My thoughts exactly!!! We’ve been working very hard to set up a full weekly schedule for Babywoods so that she has plenty of engagement and fun activities that she’s comfortable with well before baby sister arrives. I’ve read that one major change at a time is good for kids, so that’s what we’ve been trying to do these past few months. So far, so good–of course everything will still be chaotic when the baby arrives!
Does Costco ship any of the things you want for free? I was shopping with my grandmother and decided to order a few things after we left the store.
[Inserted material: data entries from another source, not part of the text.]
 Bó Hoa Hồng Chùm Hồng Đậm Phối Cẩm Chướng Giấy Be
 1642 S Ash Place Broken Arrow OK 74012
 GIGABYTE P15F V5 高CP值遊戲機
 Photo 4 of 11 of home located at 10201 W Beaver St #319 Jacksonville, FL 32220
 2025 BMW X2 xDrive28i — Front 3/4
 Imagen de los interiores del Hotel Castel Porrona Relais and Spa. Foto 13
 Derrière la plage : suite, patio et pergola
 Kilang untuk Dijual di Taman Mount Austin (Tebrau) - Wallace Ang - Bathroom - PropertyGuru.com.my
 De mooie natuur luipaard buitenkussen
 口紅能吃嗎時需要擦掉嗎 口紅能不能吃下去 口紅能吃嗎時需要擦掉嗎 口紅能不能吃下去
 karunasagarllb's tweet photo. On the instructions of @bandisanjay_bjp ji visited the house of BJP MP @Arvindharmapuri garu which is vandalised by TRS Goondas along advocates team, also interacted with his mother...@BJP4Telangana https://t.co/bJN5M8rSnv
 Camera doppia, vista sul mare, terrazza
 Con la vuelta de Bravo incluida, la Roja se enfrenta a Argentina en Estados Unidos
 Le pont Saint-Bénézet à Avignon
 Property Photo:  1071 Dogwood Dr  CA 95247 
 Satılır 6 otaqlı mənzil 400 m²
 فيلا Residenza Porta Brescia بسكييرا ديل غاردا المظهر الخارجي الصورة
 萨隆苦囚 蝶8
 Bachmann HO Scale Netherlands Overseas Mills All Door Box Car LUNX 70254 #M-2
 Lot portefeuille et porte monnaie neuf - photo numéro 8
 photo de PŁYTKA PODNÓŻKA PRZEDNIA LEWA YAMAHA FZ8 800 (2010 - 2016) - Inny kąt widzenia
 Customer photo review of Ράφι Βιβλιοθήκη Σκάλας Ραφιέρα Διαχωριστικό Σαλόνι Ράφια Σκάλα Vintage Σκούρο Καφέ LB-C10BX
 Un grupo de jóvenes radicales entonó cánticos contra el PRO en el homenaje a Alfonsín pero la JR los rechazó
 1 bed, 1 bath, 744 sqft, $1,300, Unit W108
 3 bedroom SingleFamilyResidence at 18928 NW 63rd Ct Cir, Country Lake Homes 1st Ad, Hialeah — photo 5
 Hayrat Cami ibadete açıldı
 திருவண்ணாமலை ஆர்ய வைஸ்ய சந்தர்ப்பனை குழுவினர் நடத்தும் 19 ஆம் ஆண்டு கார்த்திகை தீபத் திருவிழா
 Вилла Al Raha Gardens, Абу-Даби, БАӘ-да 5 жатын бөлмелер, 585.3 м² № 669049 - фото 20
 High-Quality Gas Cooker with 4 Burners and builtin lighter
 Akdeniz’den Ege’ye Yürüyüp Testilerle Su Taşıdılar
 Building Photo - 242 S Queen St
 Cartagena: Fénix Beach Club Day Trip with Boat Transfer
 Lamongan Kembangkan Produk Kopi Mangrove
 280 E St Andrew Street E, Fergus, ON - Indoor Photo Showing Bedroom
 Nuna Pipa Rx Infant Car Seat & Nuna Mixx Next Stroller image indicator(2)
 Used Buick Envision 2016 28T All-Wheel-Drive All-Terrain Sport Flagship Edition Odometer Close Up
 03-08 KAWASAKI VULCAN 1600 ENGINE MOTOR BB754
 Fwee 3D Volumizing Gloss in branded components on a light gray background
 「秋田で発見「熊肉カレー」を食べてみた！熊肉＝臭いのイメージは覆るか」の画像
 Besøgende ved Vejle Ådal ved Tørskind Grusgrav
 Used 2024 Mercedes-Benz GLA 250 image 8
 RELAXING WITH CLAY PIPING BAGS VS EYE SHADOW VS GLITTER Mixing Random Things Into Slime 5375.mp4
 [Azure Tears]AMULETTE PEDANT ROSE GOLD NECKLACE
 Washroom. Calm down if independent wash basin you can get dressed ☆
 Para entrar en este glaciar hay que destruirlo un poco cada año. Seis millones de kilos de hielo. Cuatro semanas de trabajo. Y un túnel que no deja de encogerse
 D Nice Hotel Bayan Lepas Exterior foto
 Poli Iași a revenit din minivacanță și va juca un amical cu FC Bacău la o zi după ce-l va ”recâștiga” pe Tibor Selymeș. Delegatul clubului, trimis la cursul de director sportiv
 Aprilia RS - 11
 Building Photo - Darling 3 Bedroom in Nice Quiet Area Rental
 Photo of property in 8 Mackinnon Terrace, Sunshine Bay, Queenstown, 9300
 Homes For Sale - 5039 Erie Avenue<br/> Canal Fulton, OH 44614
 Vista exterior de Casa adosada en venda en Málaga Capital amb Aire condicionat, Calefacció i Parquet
Some of the things had free shipping which meant no gas and no random purchases at the store.
Sadly they do not, so it’s worth it to us to make the drive every few months.
My son started Montessori at 2. Best decision we ever made.
Just a friendly note for Mr. Frugalwoods on the light purchase; he may find it useful to get some supplemental fog lights in the 3000-4000K range when working with snow since they might actually help give some contrast to what he’s working on at the time. Enjoy the snow plowing this winter!!
Oh my god! That’s so scary about Frugalhound! I can’t take any pet emergencies. I get totally panicked. On Thanksgiving, Maeby tore off a nail, the whole thing, on a curb and had to go to the emergency vet just as we were about to put the turkey in the oven. She’s been in a booty since then. Then she developed a limp on another foot on Sunday, but the vet says it’s probably just an injury from compensating, or an age related injury. We wish Frugalhound nothing but good health!
Cell phone bill is one area that I am looking at to decrease our expenses. Does you cell phone plan have wifi? thanks!